Best practices that improve data management
My ArcUser tutorials on mapping and analytical tasks, often related to natural resources or public safety, always give step-by-step instructions for managing data as well as novel workflows and tips and tricks. Recently my editor asked that I summarize some of the data management best practices I included in these tutorials and that I use in my professional practice.
What Are Best Practices Anyway?
The phrase best practices is commonly used in business, industry, and education to describe methods, procedures, and workflows designed to obtain desirable results in a safe, cost/time efficient, and (when applicable) an environmentally friendly manner. In a practical sense, best practices are formally or informally implemented within industries and organizations to achieve consistent, reliable results. Within GIS and spatial analysis, best practices have evolved through the interaction between the technology’s users and its developers to continually enhance mapping and cartographic tasks.

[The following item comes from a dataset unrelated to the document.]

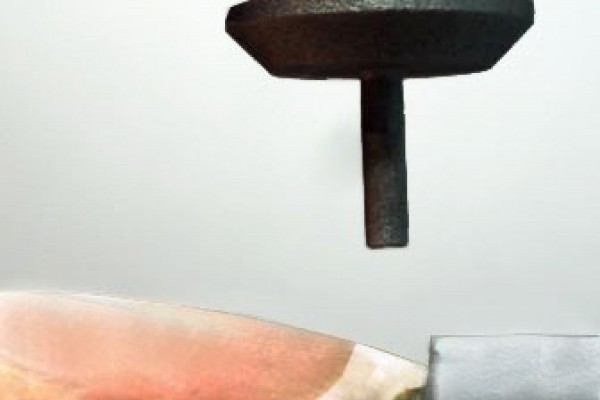 Nail StrainStress meter NM 100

In this article, I will explain the best practices I use whenever I start a new tutorial or mapping activity. These practices are applicable to both industry and academics and include new and traditional steps to help GIS users design and produce solid mapping projects.

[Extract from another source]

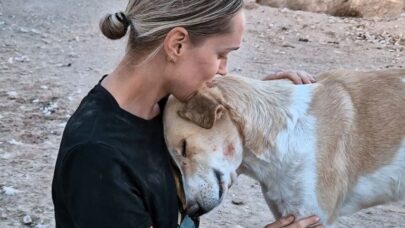 Animal Rescue Organizations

I find that one of the biggest issues confronting GIS professionals is data management, which includes understanding and documenting coordinate systems. Using a well-designed file system that identifies when and from whom files were obtained and the coordinate systems used with those files, along with obtaining, updating, or creating quality metadata, will help you avoid many problems and makes most project tasks a breeze.
A Real-World Example
The illustrations in this article come from a public safety map book project undertaken by the Kent Fire Department (KFD) in Kent, Washington. Kent, a growing community located less than 20 miles south of Seattle, is a hub for commerce and industry and has one of the largest warehouse districts on the west coast. KFD uses digital and printed map books to guide emergency response and assist with planning. The KFD map book uses Esri’s Data Driven Pages to publish data from federal, state, and local providers.
Data Acquisition and Management
All projects begin with an idea and proceed directly to data acquisition. In public safety, mappers often rely on agency and industry providers. Whenever I obtain project data, whether downloaded from the Internet, copied from a CD or DVD, or transferred interactively from a portable drive, I always create an archive folder to store a copy of the data so that it will remain safe, secure, and unchanged. I copy project data from this archive and store it in project folders.
Coordinate Systems and Metadata
When I receive data, I immediately open it and review it in ArcCatalog. I look for metadata created by the provider. If adequate metadata is not available, I use ArcCatalog to create new metadata or to validate and edit a minimal set. If metadata is available separately from the provider, I download the file and import it or manually merge it into the source data. Sometimes, I return to a provider’s site several times to ensure I have all available supporting information.
You will often use data from many sources, and it will come to you in many ways: downloaded from the web, on DVD, or copied over the network from another department. Sometimes that data will be periodically updated.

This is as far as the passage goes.